Next in the ranking – as in 2017 – is the animated film MIN BÖRDA / THE BURDEN[3] (S 2017). Director Niki Lindroth von Bahr[4] calls her work a dark musical about longing, the burden of loneliness and the meaninglessness of the workaday world.
Tying for third place in number of awards were EGG, SOG and NEGATIVE SPACE.
The French-Danish co-production EGG (F/DK 2018) is an animated documentary. In this autobiographical account, Italian filmmaker Martina Scarpelli tells of how she conquered her anorexia. The film was made during an Anidox residency and co-produced by the enterprising distribution company Miyu, Paris.
NEGATIVE SPACE[5] (F 2017) is also distributed by Miyu. The stop-motion animation by US-Japanese filmmaker duo Max Porter and Ru Kuwahata, about a father-son relationship, was already second in the ranking last year.
SOG[6] (D 2017) by Jonatan Schwenk[7] was likewise among the favourites last year. In this bleak animated film, a school of fish gets caught in the branches of trees after a storm surge.

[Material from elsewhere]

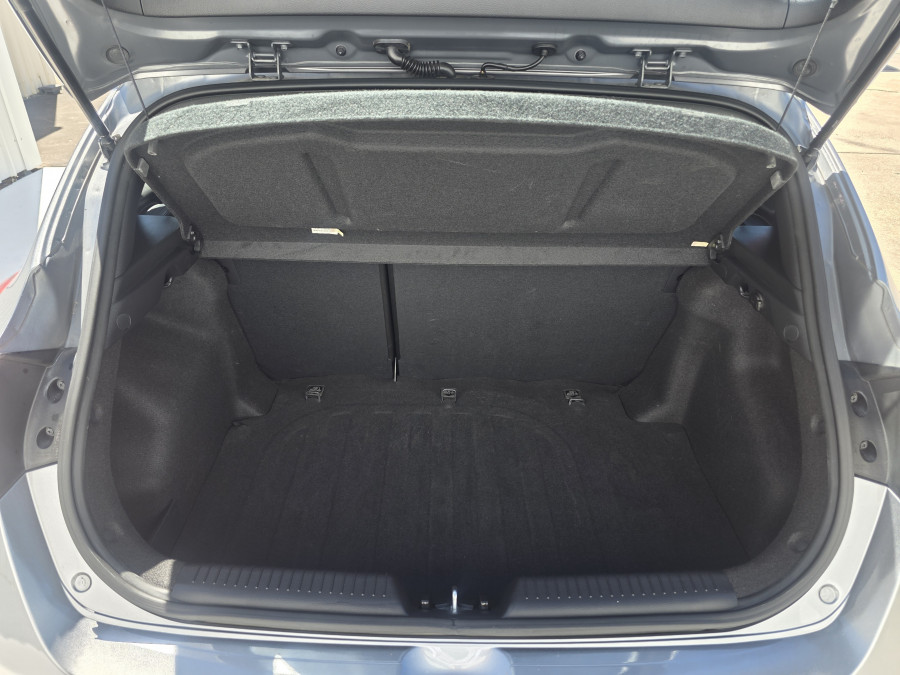 2015 MY16 Hyundai i30 GD3 Series II Active Hatch Image 12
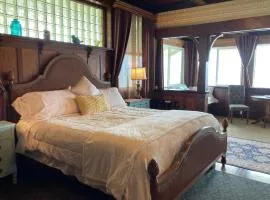 Hilo Bay Oceanfront Bed and Breakfast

In fourth place is WEEKENDS (USA 2017) by Canadian filmmaker Trevor Jimenez. The 2D animated film, which was made with support from Pixar, tells the story of a boy suffering through his parents’ divorce in Toronto in the 1980s, incorporating autobiographical elements.
Sharing fifth place in the ranking are the animated film SOLAR WALK[8] by Réka Bucsi[9] (DK 2018), the fiction short MADRE by Rodrigo Sorogoyen (ECAM, ES 2016), the animated film CE MAGNIFIQUE GÂTEAU! (This Magnificent Cake!) by Emma de Swaef & Marc James Roels[10] (B/F/NL 2018), the animated film MASCARPONE[11] by Jonas Riemer (Film University Babelsberg 2018) and the fiction short RETOUCH by Kaveh Mazaheri (Iran 2017).
German films
Five German films and co-productions were among the films winning more than four awards in 2018 (the same number as 2017).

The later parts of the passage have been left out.